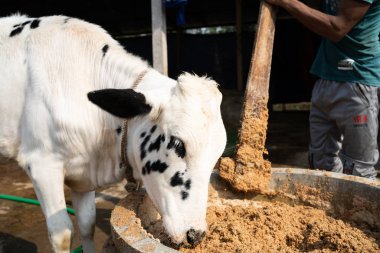 Buzağı yüz, seçici odak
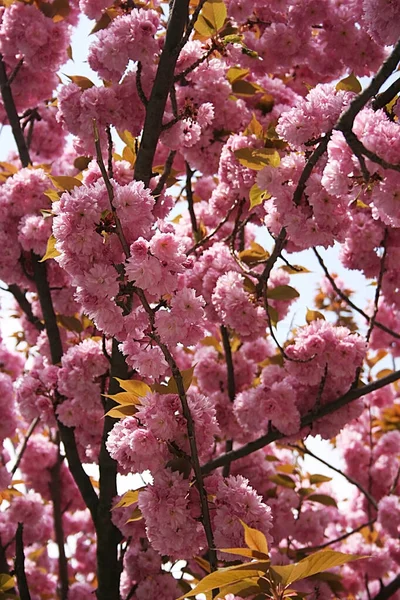 Zdjęcie Pięknych Różowych Kwiatów Sakura — Zdjęcie stockowe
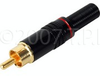 Gold RCA Male Solder Type Red - GP-PRD - Visual Sound, Inc.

○ ○ ○

PROBLEM DESCRIPTION: The job is to set down the whole listing exactly, excluding any images.

SOLUTION BELOW:
 Buzağı yüz, seçici odak
 Zdjęcie Pięknych Różowych Kwiatów Sakura — Zdjęcie stockowe
 Gold RCA Male Solder Type Red - GP-PRD - Visual Sound, Inc.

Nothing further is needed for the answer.